Woody Guthrie’s influence has lasted long past his death in 1967. Dylan and the ‘60s folk revival owed him much; Bruce Springsteen has covered his songs and Billy Bragg, with Wilco, has recorded the Mermaid Avenue albums of Woody’s previously unheard lyrics set to new tunes. Joe Strummer adopted the name Woody as a teenager and there is a marked resemblance between his pre-Clash self and Guthrie. The hobo troubadour touting acoustic guitar and cigarette being an enduring style statement for the budding protest singer.

The latest project to embrace Woody’s spirit and mine the archives of unrecorded material are Yim Yames (My Morning Jacket’s Jim James), Jay Farrar, Anders Parker, and Will Johnson who have recorded an album entitled ‘New Multitudes’, under the direction of Woody’s daughter Nora.
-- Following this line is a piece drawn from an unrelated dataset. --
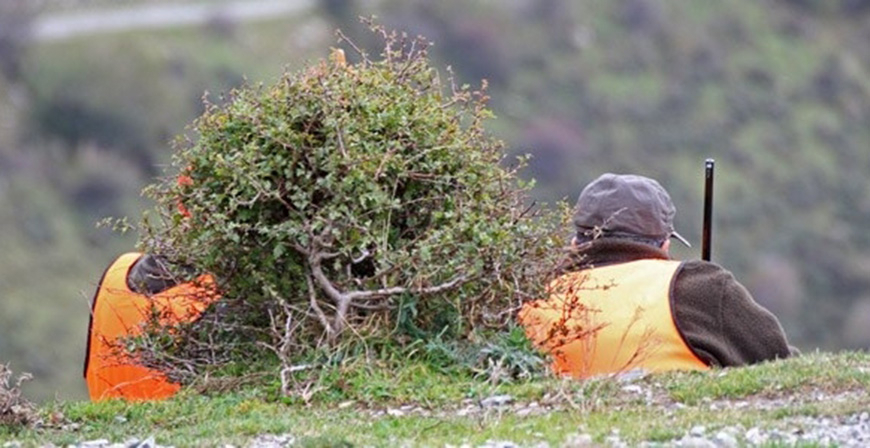 La Reserva Regional de Caza Saja aumenta las caceras de sorda y de liebre para la prxima temporada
Perhaps Guthrie’s greatest legacy is as a self-mythologiser. As the cast of ‘Woody Sez’ pointed out, “An artist is a person who’s been out of work so long they learn to do something else.” However the important fact about Guthrie remains that he was directly radicalised by his own experiences. By staying in touch with his own naïve roots he was able to communicate directly to the people he was singing about.

Easier perhaps, in the 1930s than it would be now, but still possible – Dorian Lynskey cites songs by musicians including Egypt’s Ramy Essam, the UK’s Grace Petrie  and demonstrates the resurgence of the genre.

Tom Robinson (for BBC Introducing) has noted that though many of the UK’s best polemicists over the last ten years have been MCs, there are many artists breaking through who seem unafraid to reflect the times in their music - and these are the ones walking in Woody Guthrie’s road weary shoes.